A case which has acquired even more celebrity than the last is that of Mrs. Wharton of Baltimore.  The chief facts, as developed at the first trial at Annapolis, are as follows:  General Ketchum, a man of over middle age and usually in good health, was very much engaged in attending to matters of business at Washington throughout the entire day of the 24th of June, 1871.  The weather was very hot, yet he walked about hurriedly and steadily, getting no dinner, and returning in the evening to Mrs. Wharton’s at Baltimore about 9 P.M., where he ate a very hearty meal, consisting partly of raspberries.  During the night he was heard to go down stairs several times.  The next day he complained of feeling unwell, but took at bed-time a glass of lemonade with brandy, and during the night had some slight vomiting and purging.  In the morning he complained of sick stomach and giddiness, and at Mrs. Wharton’s earnest request[16] Dr.
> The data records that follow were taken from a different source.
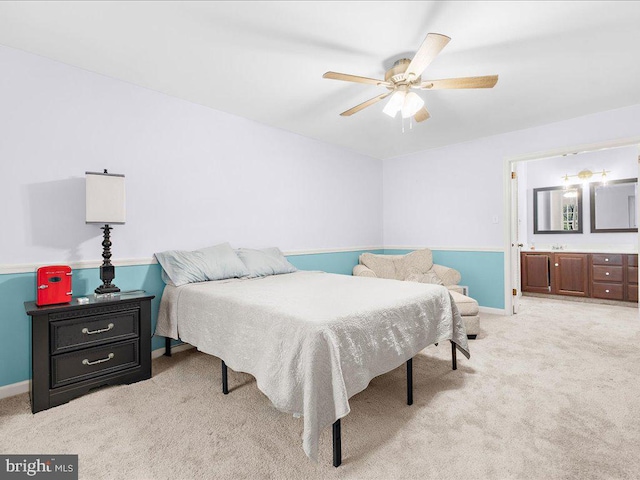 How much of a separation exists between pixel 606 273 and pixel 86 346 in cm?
642

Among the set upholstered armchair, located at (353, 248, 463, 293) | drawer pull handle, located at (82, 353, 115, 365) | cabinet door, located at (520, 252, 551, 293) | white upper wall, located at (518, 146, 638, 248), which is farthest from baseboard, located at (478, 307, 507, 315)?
drawer pull handle, located at (82, 353, 115, 365)

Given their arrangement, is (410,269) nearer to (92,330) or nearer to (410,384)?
(410,384)

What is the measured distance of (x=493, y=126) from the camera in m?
3.93

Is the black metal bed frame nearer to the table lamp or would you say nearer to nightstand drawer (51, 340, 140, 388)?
nightstand drawer (51, 340, 140, 388)

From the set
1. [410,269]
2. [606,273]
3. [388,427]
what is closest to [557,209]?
[606,273]

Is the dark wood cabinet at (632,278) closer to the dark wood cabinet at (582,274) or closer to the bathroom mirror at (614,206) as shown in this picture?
the dark wood cabinet at (582,274)

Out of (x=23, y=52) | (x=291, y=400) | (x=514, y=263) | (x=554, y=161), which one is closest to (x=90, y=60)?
(x=23, y=52)

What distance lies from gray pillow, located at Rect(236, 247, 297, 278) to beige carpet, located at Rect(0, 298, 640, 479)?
0.95 meters

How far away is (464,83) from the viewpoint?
2.19 m

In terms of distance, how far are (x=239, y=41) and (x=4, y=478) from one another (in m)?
2.70

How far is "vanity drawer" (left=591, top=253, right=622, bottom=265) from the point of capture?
4711 millimetres

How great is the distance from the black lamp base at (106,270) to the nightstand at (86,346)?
0.11m

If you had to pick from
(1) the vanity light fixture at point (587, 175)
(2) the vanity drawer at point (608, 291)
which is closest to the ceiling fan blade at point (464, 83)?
(2) the vanity drawer at point (608, 291)

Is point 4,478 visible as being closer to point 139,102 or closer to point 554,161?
point 139,102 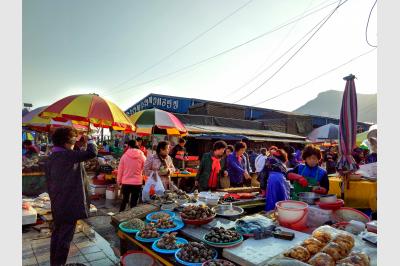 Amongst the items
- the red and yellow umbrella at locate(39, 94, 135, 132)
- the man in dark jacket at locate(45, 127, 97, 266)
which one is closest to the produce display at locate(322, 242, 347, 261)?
the man in dark jacket at locate(45, 127, 97, 266)

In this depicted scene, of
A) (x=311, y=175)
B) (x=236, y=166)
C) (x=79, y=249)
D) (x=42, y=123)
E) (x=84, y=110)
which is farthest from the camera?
(x=42, y=123)

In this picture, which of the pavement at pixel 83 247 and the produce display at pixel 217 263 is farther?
the pavement at pixel 83 247

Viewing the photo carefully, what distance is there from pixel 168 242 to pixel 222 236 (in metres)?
0.59

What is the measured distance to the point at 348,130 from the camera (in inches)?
162

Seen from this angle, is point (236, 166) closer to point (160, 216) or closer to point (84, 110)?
point (160, 216)

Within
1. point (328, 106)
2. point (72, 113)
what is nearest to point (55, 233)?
point (72, 113)

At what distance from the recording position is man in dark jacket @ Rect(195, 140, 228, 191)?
19.1 ft

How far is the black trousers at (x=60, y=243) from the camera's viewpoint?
3482 mm

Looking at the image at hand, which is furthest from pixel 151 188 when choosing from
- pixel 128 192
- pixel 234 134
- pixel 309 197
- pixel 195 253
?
pixel 234 134

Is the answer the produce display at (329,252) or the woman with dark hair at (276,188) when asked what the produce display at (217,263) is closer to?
the produce display at (329,252)

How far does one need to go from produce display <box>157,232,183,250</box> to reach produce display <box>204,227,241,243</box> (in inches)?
13.3

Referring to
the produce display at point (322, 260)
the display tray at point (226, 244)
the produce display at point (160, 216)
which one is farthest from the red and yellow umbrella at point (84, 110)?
the produce display at point (322, 260)

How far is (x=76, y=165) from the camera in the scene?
3.52m

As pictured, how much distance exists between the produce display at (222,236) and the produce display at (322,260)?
2.52 ft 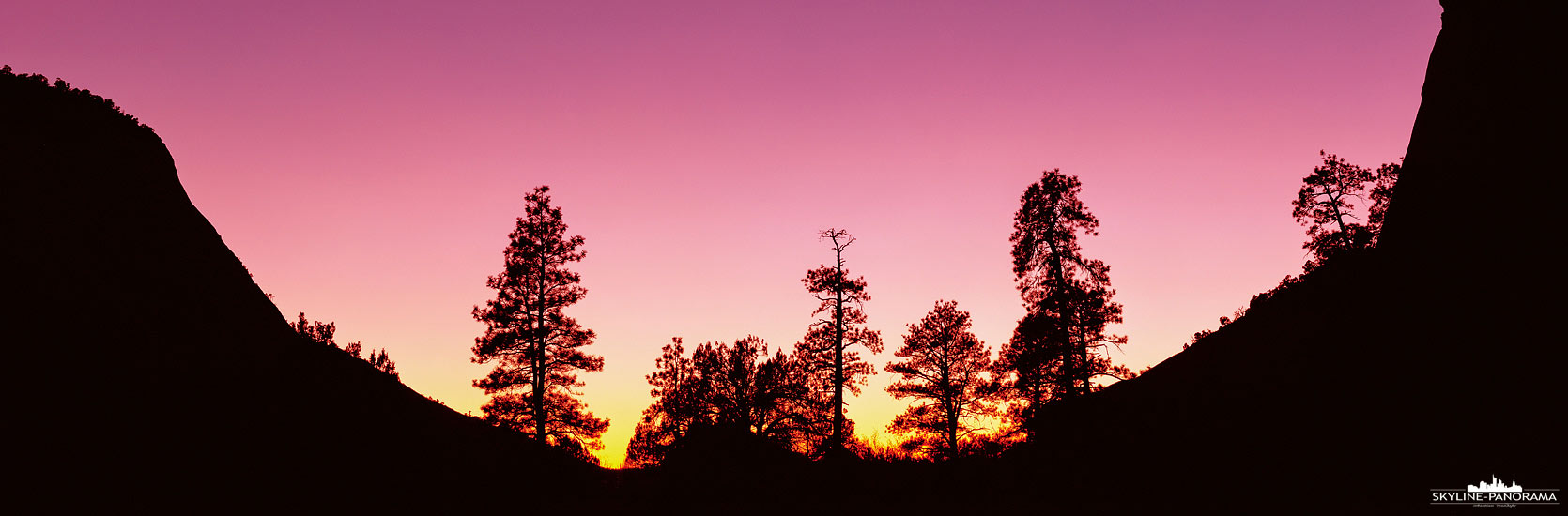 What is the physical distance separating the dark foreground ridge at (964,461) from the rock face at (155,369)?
67mm

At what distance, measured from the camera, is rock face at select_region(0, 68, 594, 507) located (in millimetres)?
12758

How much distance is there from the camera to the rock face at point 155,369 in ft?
41.9

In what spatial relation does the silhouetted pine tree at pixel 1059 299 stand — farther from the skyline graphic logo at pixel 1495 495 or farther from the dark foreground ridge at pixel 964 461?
the skyline graphic logo at pixel 1495 495

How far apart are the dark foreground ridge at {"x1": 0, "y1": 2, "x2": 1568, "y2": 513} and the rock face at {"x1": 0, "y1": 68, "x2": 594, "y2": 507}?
67mm

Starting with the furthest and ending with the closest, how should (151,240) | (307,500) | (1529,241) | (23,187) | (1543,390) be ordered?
1. (151,240)
2. (23,187)
3. (307,500)
4. (1529,241)
5. (1543,390)

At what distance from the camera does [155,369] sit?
49.8 feet

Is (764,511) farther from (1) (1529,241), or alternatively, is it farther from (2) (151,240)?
(2) (151,240)

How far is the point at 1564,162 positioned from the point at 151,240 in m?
31.8

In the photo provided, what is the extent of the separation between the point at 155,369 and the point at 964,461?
22.4 metres

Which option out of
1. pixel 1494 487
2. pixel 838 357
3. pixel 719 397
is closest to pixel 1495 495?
pixel 1494 487

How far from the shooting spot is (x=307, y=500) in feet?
45.1

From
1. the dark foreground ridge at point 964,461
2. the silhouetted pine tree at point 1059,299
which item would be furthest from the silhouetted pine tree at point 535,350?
the silhouetted pine tree at point 1059,299

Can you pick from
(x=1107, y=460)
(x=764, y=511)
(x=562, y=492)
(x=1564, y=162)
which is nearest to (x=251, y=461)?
(x=562, y=492)

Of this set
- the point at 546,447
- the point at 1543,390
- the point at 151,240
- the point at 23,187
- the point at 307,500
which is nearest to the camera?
the point at 1543,390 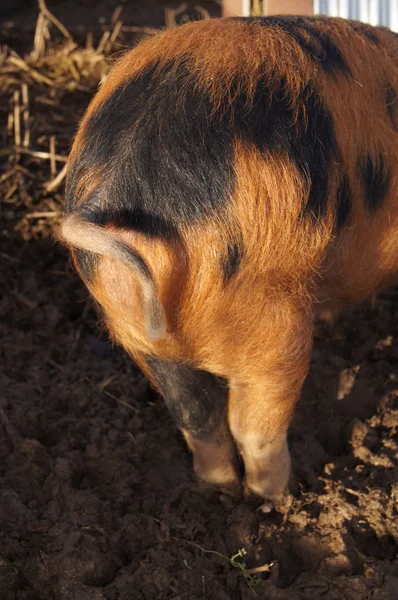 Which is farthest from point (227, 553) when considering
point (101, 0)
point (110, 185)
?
point (101, 0)

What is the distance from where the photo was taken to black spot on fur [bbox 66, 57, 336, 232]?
78.5 inches

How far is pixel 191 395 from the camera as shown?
2506 millimetres

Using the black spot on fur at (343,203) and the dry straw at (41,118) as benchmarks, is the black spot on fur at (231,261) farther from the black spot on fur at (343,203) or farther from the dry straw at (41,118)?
the dry straw at (41,118)

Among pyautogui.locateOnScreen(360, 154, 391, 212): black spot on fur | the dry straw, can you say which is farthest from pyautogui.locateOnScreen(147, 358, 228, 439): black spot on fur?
the dry straw

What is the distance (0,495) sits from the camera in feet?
8.97

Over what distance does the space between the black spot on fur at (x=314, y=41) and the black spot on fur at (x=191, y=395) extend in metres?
1.02

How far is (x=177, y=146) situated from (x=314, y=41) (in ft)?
2.15

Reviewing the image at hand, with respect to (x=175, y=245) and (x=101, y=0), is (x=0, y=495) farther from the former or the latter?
(x=101, y=0)

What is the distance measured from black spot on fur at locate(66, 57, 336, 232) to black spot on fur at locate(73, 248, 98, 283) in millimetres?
144

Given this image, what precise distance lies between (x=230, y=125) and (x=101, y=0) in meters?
5.17

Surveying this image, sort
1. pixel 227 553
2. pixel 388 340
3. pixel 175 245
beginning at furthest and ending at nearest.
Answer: pixel 388 340, pixel 227 553, pixel 175 245

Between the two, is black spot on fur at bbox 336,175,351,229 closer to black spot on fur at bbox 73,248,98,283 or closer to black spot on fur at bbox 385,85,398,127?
black spot on fur at bbox 385,85,398,127

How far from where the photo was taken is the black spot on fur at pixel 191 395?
8.02ft

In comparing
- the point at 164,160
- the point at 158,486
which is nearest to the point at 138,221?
the point at 164,160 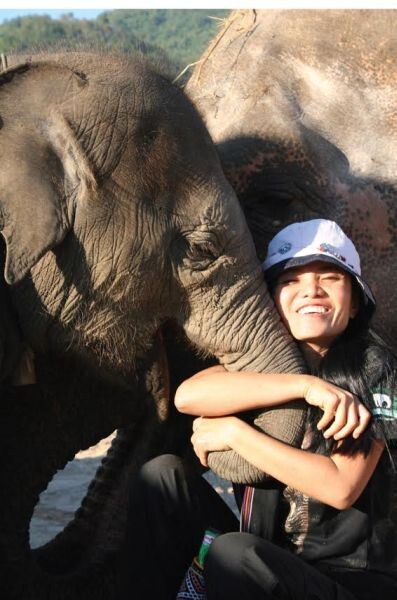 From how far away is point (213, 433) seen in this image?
2670mm

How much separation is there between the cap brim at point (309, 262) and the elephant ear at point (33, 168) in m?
0.47

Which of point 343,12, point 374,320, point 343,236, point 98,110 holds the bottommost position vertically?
point 374,320

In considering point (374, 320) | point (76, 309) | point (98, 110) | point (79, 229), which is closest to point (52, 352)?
point (76, 309)

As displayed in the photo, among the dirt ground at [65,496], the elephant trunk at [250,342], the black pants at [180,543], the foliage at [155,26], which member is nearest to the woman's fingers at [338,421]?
the elephant trunk at [250,342]

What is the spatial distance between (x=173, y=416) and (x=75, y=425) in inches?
12.8

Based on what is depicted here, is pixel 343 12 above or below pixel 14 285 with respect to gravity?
above

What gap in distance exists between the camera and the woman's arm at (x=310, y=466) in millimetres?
2541

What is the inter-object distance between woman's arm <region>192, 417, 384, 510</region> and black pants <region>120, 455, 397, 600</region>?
0.14 m

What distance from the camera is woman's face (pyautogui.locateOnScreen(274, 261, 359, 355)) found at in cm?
266

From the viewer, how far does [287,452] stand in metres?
2.54

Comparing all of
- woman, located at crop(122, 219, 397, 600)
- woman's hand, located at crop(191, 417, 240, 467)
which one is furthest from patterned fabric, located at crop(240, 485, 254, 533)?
woman's hand, located at crop(191, 417, 240, 467)

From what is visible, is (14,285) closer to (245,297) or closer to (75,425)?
(245,297)

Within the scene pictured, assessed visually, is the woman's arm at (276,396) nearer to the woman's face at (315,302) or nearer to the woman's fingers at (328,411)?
the woman's fingers at (328,411)

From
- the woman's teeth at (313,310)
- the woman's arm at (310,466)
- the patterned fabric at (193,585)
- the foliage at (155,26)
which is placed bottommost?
the patterned fabric at (193,585) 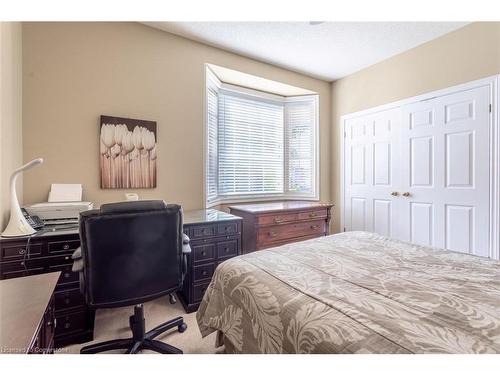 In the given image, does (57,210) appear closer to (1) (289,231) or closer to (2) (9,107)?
(2) (9,107)

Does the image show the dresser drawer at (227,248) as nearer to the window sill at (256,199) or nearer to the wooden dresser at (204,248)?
the wooden dresser at (204,248)

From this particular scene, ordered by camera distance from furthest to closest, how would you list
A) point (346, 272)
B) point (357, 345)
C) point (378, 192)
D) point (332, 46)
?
point (378, 192), point (332, 46), point (346, 272), point (357, 345)

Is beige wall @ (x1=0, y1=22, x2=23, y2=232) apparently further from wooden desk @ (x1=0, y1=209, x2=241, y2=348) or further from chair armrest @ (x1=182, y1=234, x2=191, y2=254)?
chair armrest @ (x1=182, y1=234, x2=191, y2=254)

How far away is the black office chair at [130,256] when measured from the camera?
1310mm

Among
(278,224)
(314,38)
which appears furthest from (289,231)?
(314,38)

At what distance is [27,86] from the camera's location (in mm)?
1972

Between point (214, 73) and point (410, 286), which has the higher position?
point (214, 73)

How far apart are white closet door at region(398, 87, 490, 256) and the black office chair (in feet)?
9.31

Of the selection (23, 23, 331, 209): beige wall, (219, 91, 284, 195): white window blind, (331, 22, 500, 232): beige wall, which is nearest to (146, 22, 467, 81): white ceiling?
(331, 22, 500, 232): beige wall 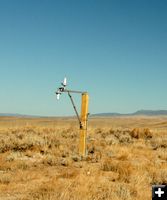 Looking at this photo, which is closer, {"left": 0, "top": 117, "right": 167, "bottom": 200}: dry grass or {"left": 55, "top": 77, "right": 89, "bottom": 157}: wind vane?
{"left": 0, "top": 117, "right": 167, "bottom": 200}: dry grass

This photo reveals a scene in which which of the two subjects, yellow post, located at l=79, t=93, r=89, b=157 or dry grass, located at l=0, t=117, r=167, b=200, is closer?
dry grass, located at l=0, t=117, r=167, b=200

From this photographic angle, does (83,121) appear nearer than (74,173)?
No

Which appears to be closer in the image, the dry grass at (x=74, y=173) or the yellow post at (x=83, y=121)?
the dry grass at (x=74, y=173)

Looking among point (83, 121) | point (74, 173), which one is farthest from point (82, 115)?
point (74, 173)

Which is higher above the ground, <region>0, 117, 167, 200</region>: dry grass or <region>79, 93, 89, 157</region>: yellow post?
<region>79, 93, 89, 157</region>: yellow post

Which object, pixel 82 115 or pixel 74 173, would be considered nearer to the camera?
pixel 74 173

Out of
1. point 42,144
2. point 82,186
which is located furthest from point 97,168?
point 42,144

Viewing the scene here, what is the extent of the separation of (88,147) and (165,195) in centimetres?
1478

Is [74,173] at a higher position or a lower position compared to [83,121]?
lower

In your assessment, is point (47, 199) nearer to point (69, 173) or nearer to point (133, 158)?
point (69, 173)

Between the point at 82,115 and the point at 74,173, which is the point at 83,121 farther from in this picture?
the point at 74,173

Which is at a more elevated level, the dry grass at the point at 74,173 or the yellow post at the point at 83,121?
the yellow post at the point at 83,121

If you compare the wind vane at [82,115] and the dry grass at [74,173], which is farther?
the wind vane at [82,115]

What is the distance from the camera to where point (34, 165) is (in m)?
14.5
Williams was finally sent for, and on arriving at 4 P.M. found him sitting up and vomiting, and prescribed as for a slight attack of cholera morbus.  The next morning General Ketchum thought himself so much better that he discharged his physician.  He was, however, very drowsy during the day, and the evidence at the trial rendered it probable that he took laudanum on this day upon his own responsibility.  In the evening he was found sleeping heavily upon the lounge, and again at Mrs. Wharton’s request Dr. Williams was sent for, but did not think it worth while to come.  The next morning Mrs. Wharton again sent for Dr. Williams, as General Ketchum was found still lying upon the lounge in a stupor.  He remained in this state until his death, which took place in a convulsion at 3 P.M.  He had had during the intervening period repeated convulsions, and about one o’clock had become very uneasy, uttering incoherent cries, but did not recover true consciousness.  At the examination of the body, made the following morning, the spinal cord was not looked at:  the inner membranes of the brain were found congested, and the brain-substance presented throughout “those dark points of blood which indicate passive congestion.”  No other lesions were found, and the stomach was handed for analysis to Professor Aiken, who in due time reported that he had “satisfied himself” of the existence of at least twenty grains of tartar emetic in it.

It is highly probable that this official announcement had much influence upon the minds of Drs. Williams and Chew, with their colleagues, and it is very certain that by it and their representations was created the public belief in Baltimore that General Ketchum had been poisoned.  The false analysis remained for months uncontradicted, and backed up as it was by the whole intellectual and moral force of the University of Maryland, it could scarcely happen otherwise than that public opinion should become so set and hardened that no testimony at the trial could affect it, especially as local pride and local prejudice came to its support when experts from other cities questioned the work of the Baltimore physicians.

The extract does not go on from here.